Montreal bagels are – yes – better than New York City bagels. There, we said it. Thinner, denser and sweeter, and with no salt, Montreal bagels are hand-rolled, blanched in honey water and always baked in a wood-fired oven. In the hip Mile End neighbourhood, you’ll find the city’s two most famous bagel places about a block apart. St. Viateur Bagel (263 Rue Saint Viateur W.) has been producing 12,000 bagels daily since 1957, and Fairmount Bagel (74 Avenue Fairmount W.) has been at it since 1949. The line-ups at each place tell you all you need to know, but it’s oh so worth it when you sink your teeth into one of their fresh, doughy circles of hand-rolled heaven.

2. Smoked meat

Sweeter than pastrami and distinct from corned beef, these smoky, sweet-and-salty sandwiches are piled high with tender, finely marbled brisket bulging between two slices of rye with a smear of yellow mustard. And while there are many places in Montreal to get a good smoked meat sandwich, you have to go to Schwartz’s (3895 Saint Laurent Blvd.). Since 1928 this legendary deli has been serving their preservative-free, hand-sliced brisket that’s marinated for 10 days in herbs and spices before being smoked.
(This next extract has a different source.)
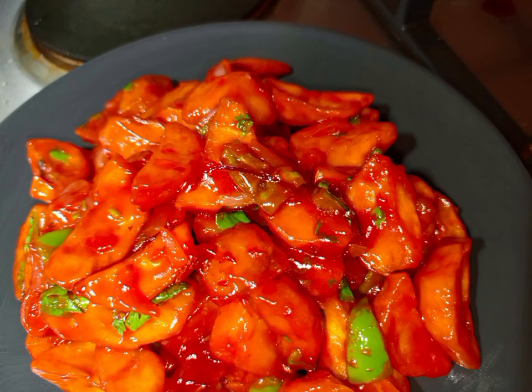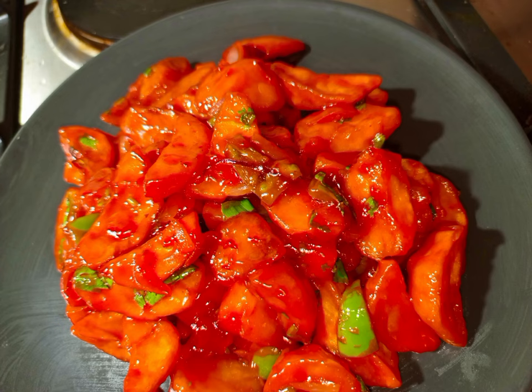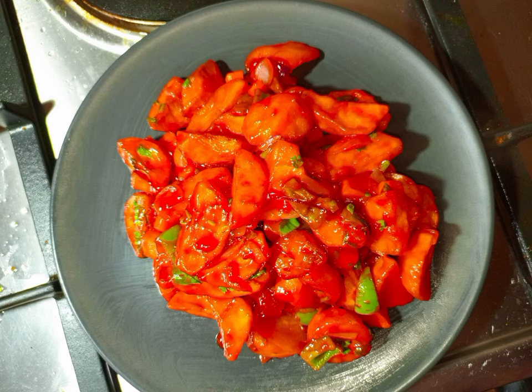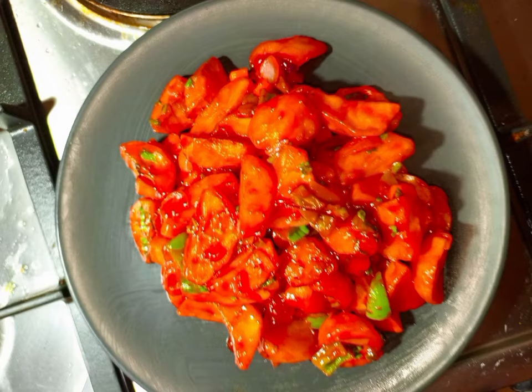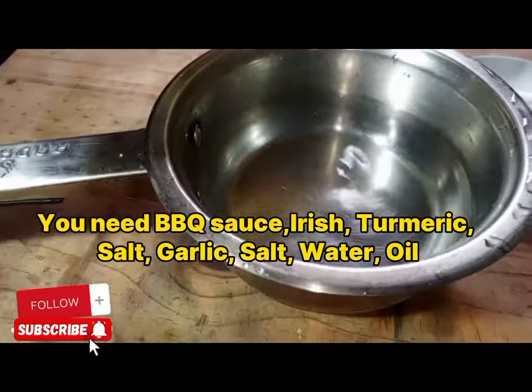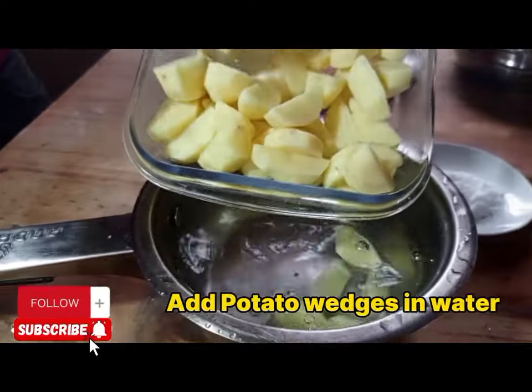You can also buy the barbecue sauce from the supermarket. Remember, this is Chef Joshio Msississi. I'm going to request every new viewer: please subscribe to my YouTube channel, place the notification bell, and don't forget to share with your friends so that we can help the country together.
Add some fries and a Cherry Coke, and you and your companions can savour a classic Montreal smoked meat experience.


3. Poutine

Though traditional poutine consists of fries, fresh cheese curds and gravy, there are now enough variations on the basic recipe to make a poutine purist pop. La Banquise (994 Rue Rachel E.), in the borough of Le Plateau-Mont-Royal, offers more than 30 varieties. Try La Boogalou, with pulled pork, coleslaw and sour cream. For a more up-scale experience, try Au Pied de Cochon (536 Avenue Duluth E.), where chef Martin Picard launched the idea of haute poutine. His foie gras poutine in unbeatable; a rich and bold offering topped with a cream sauce fortified with foie gras and egg yolks, crowned with cheese curds and singed nuggets of foie gras. Haute stuff!

4. Wilensky’s Special

Revered by locals and international chefs alike, Wilensky’s (34 Fairmount Ave. W.) is a modest Mile End lunch counter still going strong after more than 84 years. The main draw at Wilensky’s is The Special, a grilled sandwich with slices of salami and baloney pressed between pieces of sweet egg bread, topped with cheese and a hint of mustard. But like other institutions, this one has rules: The mustard is mandatory, never ask for mayo or ketchup, and don’t even think about getting it sliced in half. At Wilensky’s you just don’t mess with tradition.

5. The steamé

Steamed hot dogs are a Montreal and Quebec casse-croute (snack bar) restaurant tradition. Known locally as a steamé (“steamie” in English), these simple, after-hours staples are usually top-loaded in one of three ways: All-dressed (mustard, chopped onion, sometimes relish, and either coleslaw or chopped cabbage), Michigan style (meat chili sauce or spaghetti sauce) or Supreme (bacon and cheese). For a classic Montreal steamé, head to the venerable Montreal Pool Room (1217 Saint Laurent Blvd.), in operation since 1912, or try Chez Ma Tante (3180 Rue Fleury E.), another steamé standout that’s been around for 75 years.

What about you? Are you a passionate poutine proponent? A smoked meat samurai? Which of these iconic Montreal foods is your favourite?